I’m encountering a memory-related issue while trying to transcribe audio files using Flask and the whisper_timestamped (GitHub - linto-ai/whisper-timestamped: Multilingual Automatic Speech Recognition with word-level timestamps and confidence) library. I’ve deployed my app on Render and I’m using a /transcribe endpoint to handle audio transcription requests. However, I’m consistently running into the following error:
[ERROR] Worker (pid:67) was sent SIGKILL! Perhaps out of memory?
I’ve provided the relevant code snippet below:
from flask import Flask, request, jsonify
import whisper_timestamped
import tempfile
import os
app = Flask(__name__)
@app.route('/')
def hello():
name = "Hello World"
return name
def transcribe_audio(audio_file_path):
model = whisper_timestamped.load_model("base")
audio = whisper_timestamped.load_audio(audio_file_path)
result = whisper_timestamped.transcribe(model, audio, language="en")
transcribed_text = result["text"]
word_timestamps = []
for segment in result["segments"]:
for word in segment["words"]:
word_timestamps.append({"word": word["text"], "startTime": word["start"], "endTime": word["end"]})

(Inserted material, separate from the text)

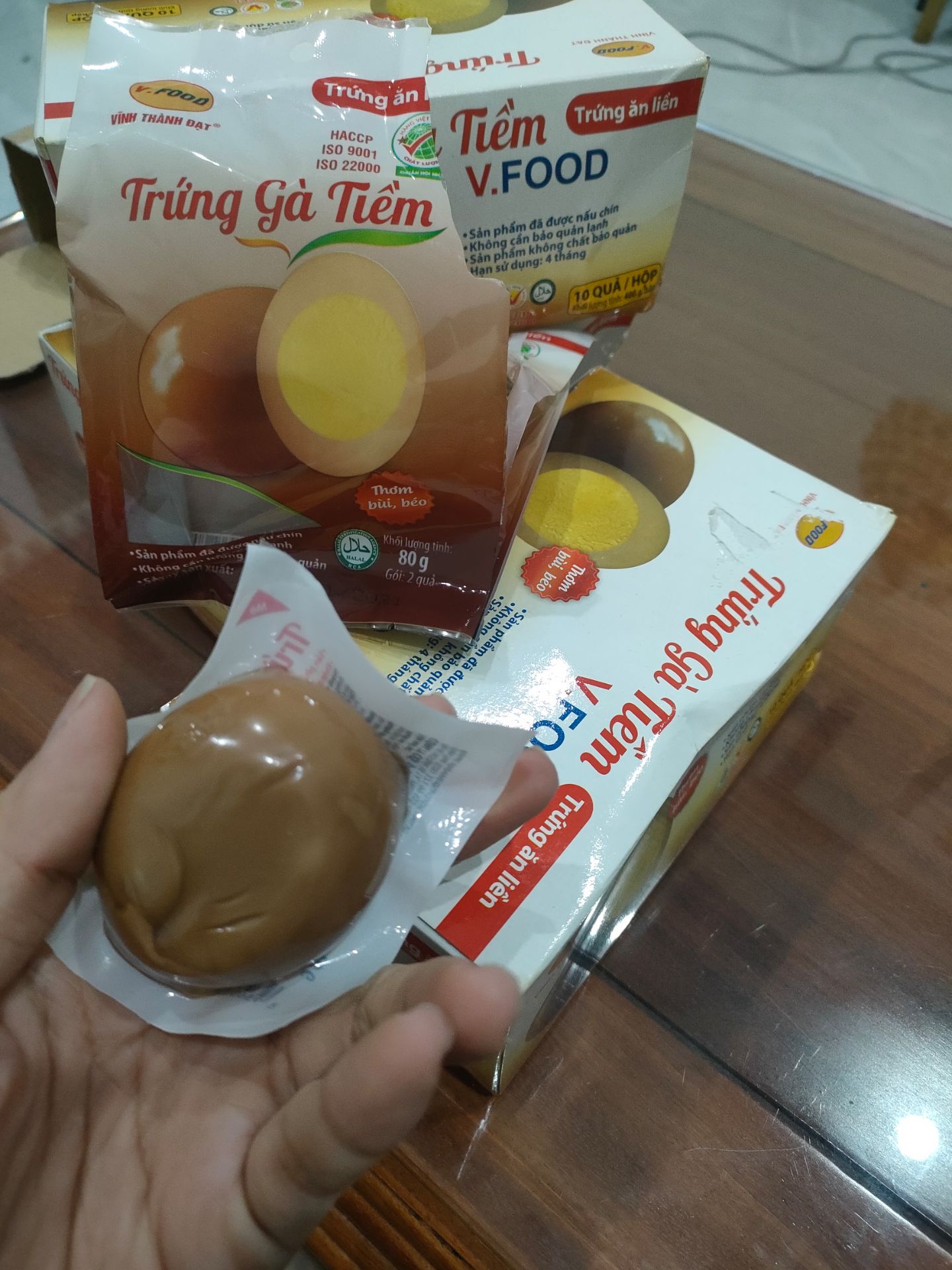 trứng ngon . date xa , giá hạt dẻ đáng tiền 😁❤️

return {"transcribedText": transcribed_text, "wordTimestamps": word_timestamps}
@app.route('/transcribe', methods=['POST'])
def transcribe():
if 'audio' not in request.files:
return jsonify({'error': 'No audio file provided.'}), 400
audio_file = request.files['audio']
# Create a temporary directory to store the audio file
temp_dir = tempfile.mkdtemp()
# Save the audio file temporarily to the temporary directory
temp_audio_path = os.path.join(temp_dir, "temp_audio.wav")
audio_file.save(temp_audio_path)
result = transcribe_audio(temp_audio_path)
# Remove the temporary audio file and directory after transcription
os.remove(temp_audio_path)
os.rmdir(temp_dir)
return jsonify(result), 200
if __name__ == "__main__":
app.run(debug=True)
I’m using the whisper_timestamped library to transcribe audio and obtain word timestamps. The error occurs when the worker process handling the request is terminated due to memory issues. I suspect that the library or model might be memory-intensive, causing the app to exceed its memory allocation.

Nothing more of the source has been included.